The mechanical strength of Mg-Al-Zn alloys can be affected by a fine spatial dispersion of β-Mg ₁₇Al ₁₂ precipitates in the Mg matrix. In an effort to understand the phase stability and the unusual asymmetric off-stoichiometry observed in β-Mg ₁₇Al ₁₂, we have performed a series of first-principles density functional theory (DFT) calculations of bulk and defect properties of Mg ₁₇Al ₁₂. Specifically, we consider native point defects (i.e. vacancies and anti-sites) in all four sublattices of Mg ₁₇Al ₁₂, i.e. 2a, 8c, 24g (Mg) and 24g (Al). The T = 0 K static energies of defect Mg ₁₇Al ₁₂ supercells indicate that anti-site defects are energetically favored over vacancies, and the lowest anti-site defect formation energies are in 24g sites for both Al _Mg and Mg _Al. These Al-rich and Mg-rich anti-site defect formation energies are similar in magnitude, and thus do not explain the asymmetric off-stoichiometry of Mg ₁₇Al ₁₂. We also investigate the effect of atomic vibrations via DFT phonon calculations on native point defect free energies of Mg ₁₇Al ₁₂ and combine these entropic contributions with the point defect formation energies to evaluate the thermodynamics of off-stoichiometry in this phase.

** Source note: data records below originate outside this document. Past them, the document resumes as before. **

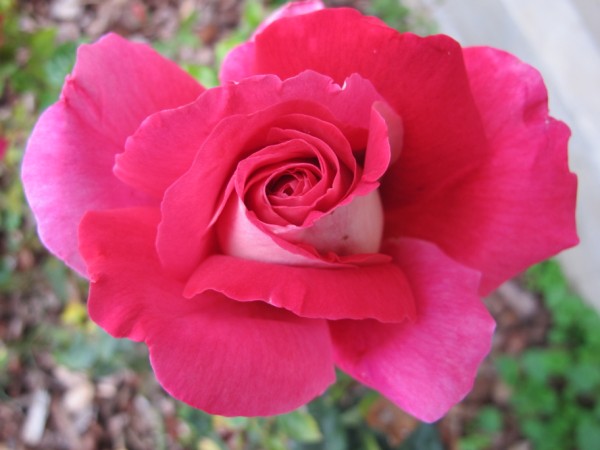 Name:  IMG_3211 (600 x 450).jpg
Views: 1095
Size:  48.0 KB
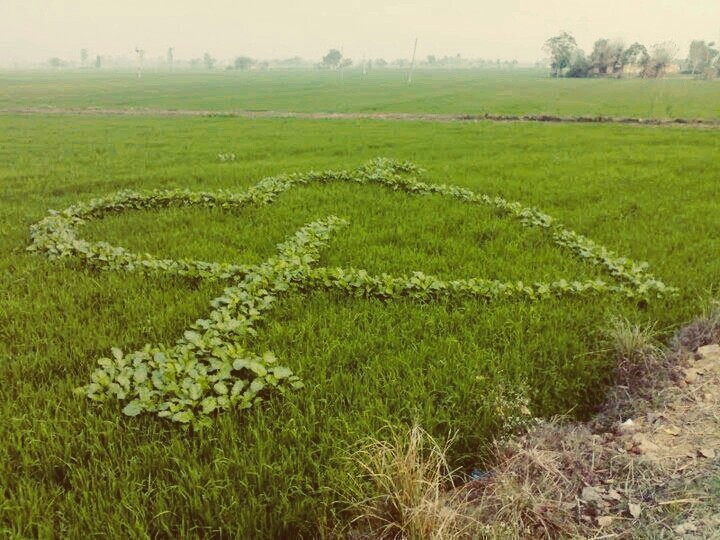 love heart in nature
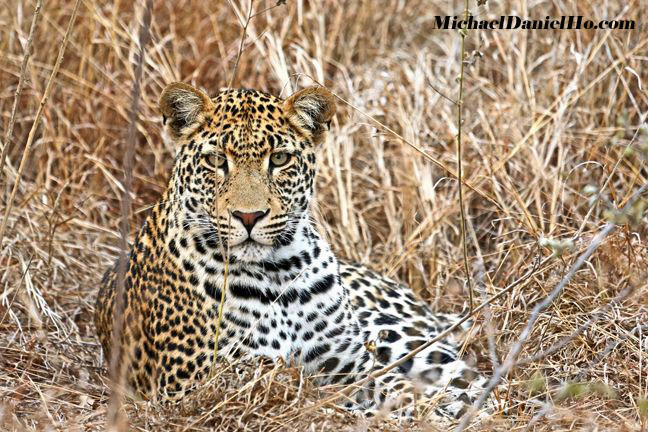 leopard photos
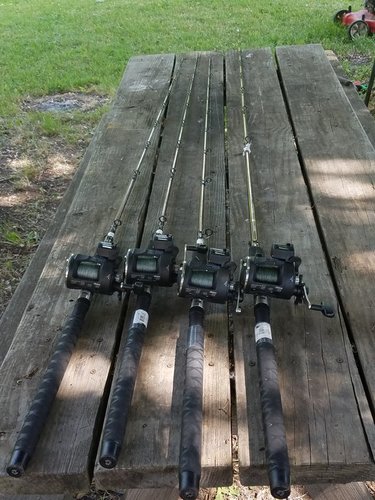 20180617_103834.jpg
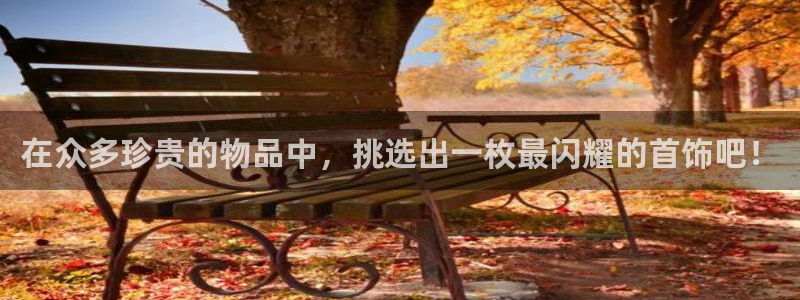 天宏娱乐创始人简介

We find that the formation of the Al _Mg anti-site is not strongly stabilized by vibrational entropy. Thus, we conclude that the observed asymmetry in the off-stoichiometry of the β-Mg ₁₇Al ₁₂ phase in the Mg-Al phase diagram is not explained by simple native point defect thermodynamics, and must involve a more complicated defect formation mechanism, such as multi-defect clustering.